When NYU's doctors had an idea to speed up the process of MRI scans, they thought of one technology company to help them out: Facebook.
Yes, that Facebook. The social networking company.
The two institutions announced this week that they're working together on a research project that aims to make MRI imaging scans up to 10 times faster. Today, it takes about 15 minutes to an hour to take an MRI, while X-rays or CT scans take less than a minute.
To solve this problem, computer engineers at Facebook plan to use neural networks, a computing methodology inspired by the way neurons work together in the human brain, to recognize the structure of the imaging and automatically fill in views that were previously omitted in order to speed up the scan. That all needs to be done while maintaining accuracy, as a mistake could be potentially fatal for patients.
"A few missing or incorrectly modeled pixels could mean the difference between an all -clear scan and one in which radiologists find a torn ligament or a possible tumor," a blog post reads.

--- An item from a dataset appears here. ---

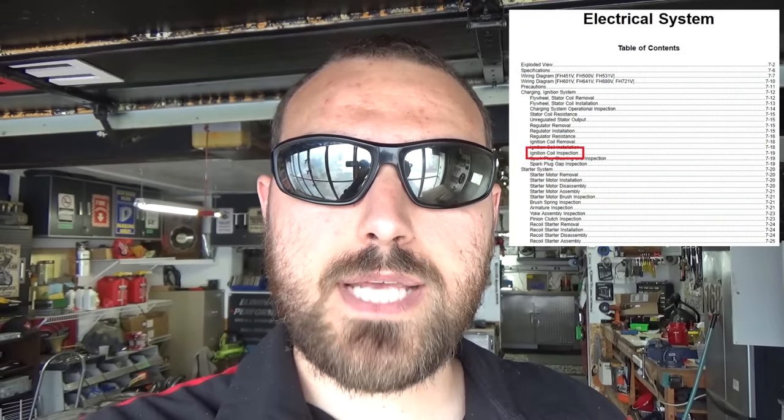Just a quick video on how to test a coil — this basically goes for every machine. You want to have the proper specs, because if you get a reading of 8,000 ohms you don't really know what that means without a spec. Go to Google and type in your engine model number — not your mower's model number, but the engine number. That'll bring up a service manual for that specific engine, and somewhere in the electrical section you'll find your resistance specifications.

It's an ambitious effort that could have a huge payoff on both sides, while reducing medical costs and improving the patient experience. A win-win.
But why Facebook?
Here's what I think:
Solving big-world problems helps retain talent. Facebook, like the other large technology players, can afford to staff its engineering team with machine learning experts that few other companies can afford. But those people will probably want to do more than help optimize engagement to maximize advertising revenue — they'll want to work on hard problems that could help a lot of people and potentially even save lives. This project would fit the bill. So talent retention is probably part of the reason.
It's a huge market with untapped opportunities for companies that understand data. The health sector is worth about $3 trillion, and the traditional tech companies still don't have much presence there, despite years of effort. There are huge business opportunities in developing algorithms that can determine physician quality, patient outcomes, speed up routine tests, make predictions about those that are likely to get sick, and so on. This information was previously trapped in hospital servers. Now it's starting to be used for research, and ultimately could be used commercial products.
We know that Facebook in the past few years has hired a few health experts to approach hospitals to work on medical applications, which involve sharing de-identified data. But I believe we'll see every tech company from Alphabet to Amazon, as well as the smaller start-ups, find ways to access these datasets.
Facebook has a lot of experience with images. Thanks to its longstanding focus on photo sharing, Facebook has the right mix of experts on its staff to work with imaging data.
Think about its expertise in photos, where it can almost immediately figure out who should be tagged among countless potential options.
Imaging data is a particularly attractive subset of medical data, too. Radiologists are used to incorporating computers into their work, and they are overloaded with piles of imaging data that they don't have time to analyze. NYU alone does two million imaging exams per year, according to Daniel Sodickson, NYU's vice chair for research in radiology. Hospitals across the world could benefit from tools that could speed up and bring new efficiency to this process, and would be willing to pay for it.
Medical information is a particularly sensitive data type for most of us. It's a terrifying prospect to imagine advertisers or other third parties using that information without consent.
Both Facebook and NYU stressed in an interview with me that the project was purely for research, and it isn't tied to financial goals. The companies are also making sure that the data is de-identified so it isn't tied to a specific individual.
"Any labels associated with raw image data have been stripped," stressed Facebook's AI research manager Larry Zitnick. Facebook plans to make the code available to other institutions so the results could be quickly replicated by the broader medical research community, Zitnick says.
From NYU's standpoint, the research project was vetted by an institutional review board to ensure it's in line with ethics standards.
But what happens after the research is completed?
If it works, then NYU and other institutions will likely look for ways to implement the new technology into clinical care. That could be a business opportunity for Facebook and other tech players in the long run. Although it's possible that Facebook will remain purely in the research realm as it grapples with concerns about privacy in other aspects of its business.
Facebook won't be the only big tech player bringing health care into the digital age. And at that point, society will have to figure out how much we can trust the tech giants, and how to balance privacy concerns against the utility of the advances they enable.
"We take a long-term perspective on the research we do," said Sodickson. "We don't just publish a paper and then run away," he added. "We are going to be useful."
Correction: MRIs do not expose patients to radiation.